Faire du tourisme en converses encore blanches

par Karolann St-Amand

 

 

 

[Note de l’auteure]

Hector Ruiz et Dominic Marcel, dans Lire la rue, marcher le poème, définissent la déambulation littéraire « comme une traversée des sens entre territoire et texte, comme un moyen d’activer la sensibilité et d’expérimenter un déficit; une marche déambulatoire nécessite un état d’esprit de disponibilité pour un laisser-aller du corps et de l’esprit. »

Faire du tourisme en converses encore blanches est le résultat de déambulations, d’errances un peu partout dans Montréal, d’une poétisation autant de lieux inconnus que d’endroits fréquentés à répétition. L’idée est de se laisser contaminer par ce qui nous entoure, d’ancrer un corps dans le territoire dans lequel il évolue, de faire l’expérience de la textualité des lieux. L’écriture se fait toujours en deux temps. Le processus relève d’abord de l’observation, d’une prise de notes à partir de tout ce qui est possible de croiser, que ce soit entendu ou vu, comme une lecture de l’environnement.

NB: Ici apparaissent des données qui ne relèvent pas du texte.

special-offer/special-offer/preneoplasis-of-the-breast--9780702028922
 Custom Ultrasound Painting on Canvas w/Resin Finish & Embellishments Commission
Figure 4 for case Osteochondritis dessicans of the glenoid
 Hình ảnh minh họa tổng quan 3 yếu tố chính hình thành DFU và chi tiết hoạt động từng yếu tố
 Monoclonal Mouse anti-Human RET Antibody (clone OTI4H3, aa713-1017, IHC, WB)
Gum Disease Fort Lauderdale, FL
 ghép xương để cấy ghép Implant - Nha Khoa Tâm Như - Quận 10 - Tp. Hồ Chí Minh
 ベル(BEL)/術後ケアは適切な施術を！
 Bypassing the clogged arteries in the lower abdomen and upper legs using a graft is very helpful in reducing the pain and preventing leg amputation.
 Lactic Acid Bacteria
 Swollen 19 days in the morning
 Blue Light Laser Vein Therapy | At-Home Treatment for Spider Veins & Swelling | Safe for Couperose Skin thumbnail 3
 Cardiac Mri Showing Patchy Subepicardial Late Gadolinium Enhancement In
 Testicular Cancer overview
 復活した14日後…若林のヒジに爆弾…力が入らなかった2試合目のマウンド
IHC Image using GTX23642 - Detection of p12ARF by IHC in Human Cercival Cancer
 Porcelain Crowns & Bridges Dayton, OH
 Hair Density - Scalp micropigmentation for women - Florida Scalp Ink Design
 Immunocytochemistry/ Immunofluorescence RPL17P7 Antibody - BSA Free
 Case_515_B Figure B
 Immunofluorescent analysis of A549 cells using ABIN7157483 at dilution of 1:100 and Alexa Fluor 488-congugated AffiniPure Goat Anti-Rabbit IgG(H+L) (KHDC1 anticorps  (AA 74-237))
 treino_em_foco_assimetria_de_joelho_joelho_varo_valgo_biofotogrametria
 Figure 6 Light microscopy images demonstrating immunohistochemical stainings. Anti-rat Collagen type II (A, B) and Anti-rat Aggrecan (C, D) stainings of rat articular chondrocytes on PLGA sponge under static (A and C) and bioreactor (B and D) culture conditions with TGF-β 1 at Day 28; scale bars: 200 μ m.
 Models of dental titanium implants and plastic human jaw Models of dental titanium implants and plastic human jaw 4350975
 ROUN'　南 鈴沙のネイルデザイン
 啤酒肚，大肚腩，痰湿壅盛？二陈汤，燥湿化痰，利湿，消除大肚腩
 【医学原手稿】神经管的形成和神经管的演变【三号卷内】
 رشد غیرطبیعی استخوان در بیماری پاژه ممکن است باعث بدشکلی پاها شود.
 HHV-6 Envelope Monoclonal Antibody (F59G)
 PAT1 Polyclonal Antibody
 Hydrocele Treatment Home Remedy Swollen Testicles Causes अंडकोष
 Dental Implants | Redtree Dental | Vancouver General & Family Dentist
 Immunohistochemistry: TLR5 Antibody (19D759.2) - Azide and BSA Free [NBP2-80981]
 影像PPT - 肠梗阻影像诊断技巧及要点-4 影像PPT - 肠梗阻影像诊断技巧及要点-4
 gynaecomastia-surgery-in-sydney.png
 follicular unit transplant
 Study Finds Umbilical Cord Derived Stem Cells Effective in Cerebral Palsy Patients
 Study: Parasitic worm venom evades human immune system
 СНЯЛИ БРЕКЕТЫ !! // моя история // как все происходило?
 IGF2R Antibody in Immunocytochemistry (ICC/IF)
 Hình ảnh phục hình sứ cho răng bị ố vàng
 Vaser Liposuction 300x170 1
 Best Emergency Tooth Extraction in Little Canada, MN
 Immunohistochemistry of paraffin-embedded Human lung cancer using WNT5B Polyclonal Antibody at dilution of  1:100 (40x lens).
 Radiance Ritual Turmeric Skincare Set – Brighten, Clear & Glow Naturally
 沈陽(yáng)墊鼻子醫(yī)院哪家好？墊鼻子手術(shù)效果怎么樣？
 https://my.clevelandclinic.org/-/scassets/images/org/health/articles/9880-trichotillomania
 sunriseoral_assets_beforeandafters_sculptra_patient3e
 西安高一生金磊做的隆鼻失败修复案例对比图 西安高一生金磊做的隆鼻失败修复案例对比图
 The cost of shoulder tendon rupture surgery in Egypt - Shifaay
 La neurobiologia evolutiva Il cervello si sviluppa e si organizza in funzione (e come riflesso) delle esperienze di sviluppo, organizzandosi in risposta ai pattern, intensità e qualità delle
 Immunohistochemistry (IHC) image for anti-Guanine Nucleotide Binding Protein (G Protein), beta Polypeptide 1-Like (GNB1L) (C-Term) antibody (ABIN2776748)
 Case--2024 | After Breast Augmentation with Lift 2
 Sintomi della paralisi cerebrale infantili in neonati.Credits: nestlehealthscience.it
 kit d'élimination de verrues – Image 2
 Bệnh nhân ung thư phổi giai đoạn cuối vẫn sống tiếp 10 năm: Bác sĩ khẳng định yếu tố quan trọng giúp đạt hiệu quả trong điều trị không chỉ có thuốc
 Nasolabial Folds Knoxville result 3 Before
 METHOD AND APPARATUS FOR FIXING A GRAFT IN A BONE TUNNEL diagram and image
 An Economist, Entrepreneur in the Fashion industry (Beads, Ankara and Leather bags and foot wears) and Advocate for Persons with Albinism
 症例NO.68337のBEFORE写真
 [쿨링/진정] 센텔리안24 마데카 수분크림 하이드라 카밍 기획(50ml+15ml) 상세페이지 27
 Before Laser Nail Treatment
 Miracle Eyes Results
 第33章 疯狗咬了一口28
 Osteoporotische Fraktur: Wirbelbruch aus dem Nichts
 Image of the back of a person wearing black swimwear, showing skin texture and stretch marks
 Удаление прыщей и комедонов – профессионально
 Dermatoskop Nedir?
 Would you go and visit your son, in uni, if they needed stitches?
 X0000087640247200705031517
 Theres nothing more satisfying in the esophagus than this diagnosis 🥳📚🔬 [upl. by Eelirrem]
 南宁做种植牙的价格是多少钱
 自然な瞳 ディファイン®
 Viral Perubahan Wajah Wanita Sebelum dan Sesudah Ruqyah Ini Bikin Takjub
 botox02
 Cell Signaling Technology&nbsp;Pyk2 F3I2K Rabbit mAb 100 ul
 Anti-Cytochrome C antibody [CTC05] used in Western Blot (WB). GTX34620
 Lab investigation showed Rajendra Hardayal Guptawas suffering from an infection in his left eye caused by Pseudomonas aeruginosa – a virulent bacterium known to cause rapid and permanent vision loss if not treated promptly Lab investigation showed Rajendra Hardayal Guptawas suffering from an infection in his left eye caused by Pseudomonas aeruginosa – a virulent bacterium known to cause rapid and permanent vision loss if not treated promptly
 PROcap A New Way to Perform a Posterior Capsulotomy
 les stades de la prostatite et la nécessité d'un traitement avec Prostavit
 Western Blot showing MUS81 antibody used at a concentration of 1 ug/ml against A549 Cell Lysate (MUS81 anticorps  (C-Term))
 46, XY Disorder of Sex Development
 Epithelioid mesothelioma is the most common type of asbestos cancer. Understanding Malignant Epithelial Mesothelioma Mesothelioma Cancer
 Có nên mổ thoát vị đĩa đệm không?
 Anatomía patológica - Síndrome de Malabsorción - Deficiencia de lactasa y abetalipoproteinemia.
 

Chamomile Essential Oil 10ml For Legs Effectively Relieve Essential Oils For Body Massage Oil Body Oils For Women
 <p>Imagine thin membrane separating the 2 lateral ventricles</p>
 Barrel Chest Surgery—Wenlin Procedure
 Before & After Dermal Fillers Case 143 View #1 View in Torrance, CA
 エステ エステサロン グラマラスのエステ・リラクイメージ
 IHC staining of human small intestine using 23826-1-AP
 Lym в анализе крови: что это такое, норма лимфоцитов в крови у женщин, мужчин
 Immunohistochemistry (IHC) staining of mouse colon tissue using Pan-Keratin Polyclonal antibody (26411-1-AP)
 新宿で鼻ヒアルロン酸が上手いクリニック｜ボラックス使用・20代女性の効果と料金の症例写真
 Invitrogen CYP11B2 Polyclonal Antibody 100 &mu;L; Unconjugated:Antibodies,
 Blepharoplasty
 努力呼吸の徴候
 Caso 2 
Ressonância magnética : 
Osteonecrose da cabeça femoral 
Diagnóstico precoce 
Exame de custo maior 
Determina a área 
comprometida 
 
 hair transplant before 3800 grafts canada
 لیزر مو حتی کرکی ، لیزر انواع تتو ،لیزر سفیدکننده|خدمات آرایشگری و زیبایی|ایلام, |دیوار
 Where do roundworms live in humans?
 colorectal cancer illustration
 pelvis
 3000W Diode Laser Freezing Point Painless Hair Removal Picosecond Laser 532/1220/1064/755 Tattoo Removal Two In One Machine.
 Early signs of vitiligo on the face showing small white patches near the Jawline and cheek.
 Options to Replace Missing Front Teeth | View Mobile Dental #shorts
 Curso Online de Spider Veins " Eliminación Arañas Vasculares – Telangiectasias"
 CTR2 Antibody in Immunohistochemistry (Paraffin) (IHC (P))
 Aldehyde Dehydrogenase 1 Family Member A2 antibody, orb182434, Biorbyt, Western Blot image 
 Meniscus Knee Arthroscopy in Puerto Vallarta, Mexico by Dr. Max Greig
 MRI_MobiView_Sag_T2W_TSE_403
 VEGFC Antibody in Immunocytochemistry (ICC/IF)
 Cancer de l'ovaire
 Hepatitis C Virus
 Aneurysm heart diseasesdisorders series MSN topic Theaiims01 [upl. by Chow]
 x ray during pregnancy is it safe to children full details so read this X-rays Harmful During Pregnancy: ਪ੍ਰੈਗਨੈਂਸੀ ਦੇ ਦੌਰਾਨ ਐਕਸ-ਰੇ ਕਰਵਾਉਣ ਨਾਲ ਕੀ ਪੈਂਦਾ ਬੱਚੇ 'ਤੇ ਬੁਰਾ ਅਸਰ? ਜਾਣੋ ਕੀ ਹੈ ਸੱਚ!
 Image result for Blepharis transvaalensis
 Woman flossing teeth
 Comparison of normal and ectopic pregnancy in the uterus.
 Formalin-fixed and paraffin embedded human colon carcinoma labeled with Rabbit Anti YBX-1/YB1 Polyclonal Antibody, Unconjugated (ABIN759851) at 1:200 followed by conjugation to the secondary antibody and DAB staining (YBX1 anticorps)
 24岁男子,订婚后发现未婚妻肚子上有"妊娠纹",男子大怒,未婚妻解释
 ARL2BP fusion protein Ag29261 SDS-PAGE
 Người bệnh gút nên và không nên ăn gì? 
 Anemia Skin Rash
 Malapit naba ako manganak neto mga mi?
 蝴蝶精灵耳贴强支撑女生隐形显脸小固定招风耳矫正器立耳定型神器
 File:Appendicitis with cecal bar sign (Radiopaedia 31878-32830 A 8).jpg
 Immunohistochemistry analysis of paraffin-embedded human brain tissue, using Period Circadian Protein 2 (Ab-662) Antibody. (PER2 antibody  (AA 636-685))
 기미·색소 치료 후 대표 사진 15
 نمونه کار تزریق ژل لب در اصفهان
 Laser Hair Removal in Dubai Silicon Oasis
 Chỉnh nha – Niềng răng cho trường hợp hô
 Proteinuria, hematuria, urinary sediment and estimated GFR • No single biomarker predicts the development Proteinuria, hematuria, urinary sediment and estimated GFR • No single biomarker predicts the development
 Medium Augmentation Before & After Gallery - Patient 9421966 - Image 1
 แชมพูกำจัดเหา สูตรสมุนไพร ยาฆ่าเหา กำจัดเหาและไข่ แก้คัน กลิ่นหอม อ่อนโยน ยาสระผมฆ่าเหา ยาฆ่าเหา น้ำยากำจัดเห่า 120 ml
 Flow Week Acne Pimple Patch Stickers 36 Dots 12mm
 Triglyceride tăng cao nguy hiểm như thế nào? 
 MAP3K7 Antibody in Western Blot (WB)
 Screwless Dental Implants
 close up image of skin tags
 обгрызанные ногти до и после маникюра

Le deuxième temps est celui de la rédaction même et se fait par une lecture desdites notes comme si, en fait, la construction du texte passait par une relecture de fragments mis bout à bout ou réorganisés d’une toute autre manière, à la manière d’un bricolage.

 

 

Arrondissement de Verdun

Tu habites le bitume le trottoir se nourrit de pain blanc coupé en triangle sur le top du container une bottine rose attend d’être retrouvée.

La première marche en terrain inconnu le festival du grillage et des barricades rouillées tes graffs couvrent les vitrines les lampadaires debout dans l’embrasure des portes d’épicerie en face au feu Dunkin Donuts les 80s en déchéance.

Au tournant de la ruelle tu m’enveloppes sous vide.

 

Zone

 

Avenue Mont-Royal

Le métro ses cinquante nuances de brun l’unité d’urgence en stand-by permanent je fais la ride de bus à pied mon coat de jeans en février avec la clémence de la température j’écoute le froissement tiède d’une voiture qui monte la rue.

Des boîtes des valises en file indienne au bord de la ruelle un sac de ma vie recyclée je patiente t’attends devant un commerce au détail à louer un espace nomade pour toi le suspense d’une énième vie je suis un livre usagé.

 

Ruelle

 

Intervalle : Ligne orange

À l’heure de pointe une compétition de slalom sur quai bondé un cirque burlesque où chacun passe inaperçu des passagers en transit piétinent la floraison de mégots devant les portes tournantes.

Ta valise tes sacs d’épicerie me bloquent le chemin je marche en ton ventre sur un tapis de journal Métro les publicités se suivent les couleurs se brouillent les marguerites placardées émergent d’une piscine de lait bleu vert m’intiment à courir vers elles.

Les stations arc-en-ciel se succèdent les conversations futiles pour remplir l’attente de notre destination tu cours je sors.

 

Shoes

 

Plaza St-Hubert

L’air humide du soir un mince cadre de lumière autour de toi du textile à la chaîne sur 1.2 km un catwalk à ciel ouvert la pelle mécanique parkée à l’infini au milieu de l’échiquier de cônes orange sur la Plaza des blocs de ciment et des sapins de noël frêles en alternance.

Un pigeon me suit à la trace l’autre zieute ton trio all-dressed avec un extra ongles acryliques les vitrines se répètent « entre voir mes spéciaux » sur les affiches superposées Montréal stroboscope les néons flashent une boutique sur deux.

 

Plaza

 

Chemin de la Côte-des-Neiges

Le soleil descend la pente il manque une roue à mon vélo l’oiseau essaie d’avaler les pommes en bronze ancrées sur les tables en béton tu pleures le jour dans la file de la 165-N me bloque toujours la route.

Méga liquidation de literie dans la buanderie du sous-sol le laboratoire a déménagé au parc Ronald parce que la pauvreté est en métastase une clinique en symbiose avec les trottoirs bien réverbérés où je survie à ta nuit.